• _Extracted records_:
▼

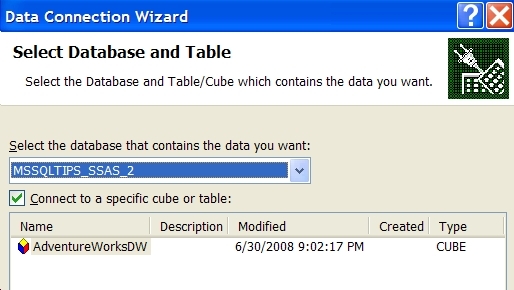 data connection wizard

▲
▼

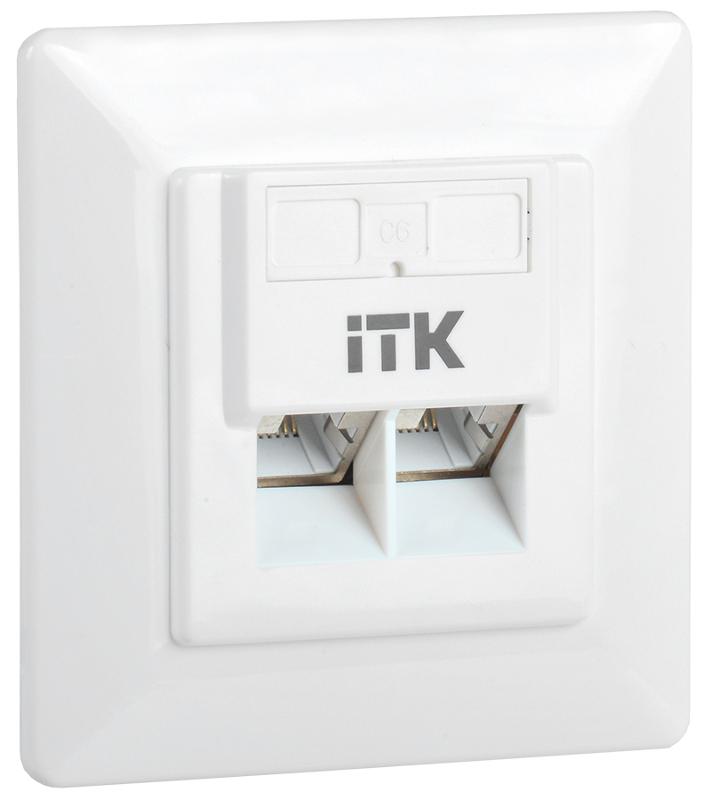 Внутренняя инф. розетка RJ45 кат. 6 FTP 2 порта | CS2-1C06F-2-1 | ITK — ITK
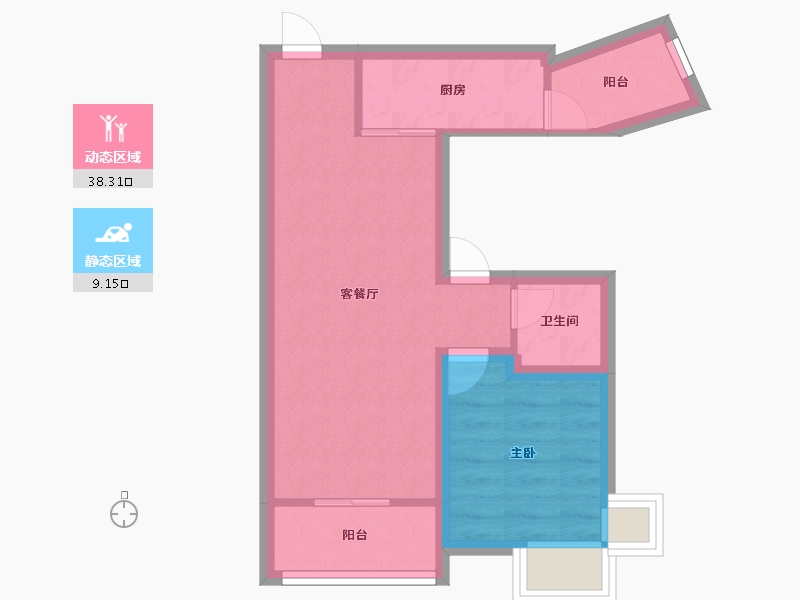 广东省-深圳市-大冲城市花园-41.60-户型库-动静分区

▲

• _What the task requires_: An exact copy of the lines above from the one with "Внутренняя инф. розетка" up to and including the one with "广东省-深圳市-大冲城市花园-41.60-户型库-动静分区" is required; reproduce only those lines, omitting all pictures.

• _Written response_:
 Внутренняя инф. розетка RJ45 кат. 6 FTP 2 порта | CS2-1C06F-2-1 | ITK — ITK
 广东省-深圳市-大冲城市花园-41.60-户型库-动静分区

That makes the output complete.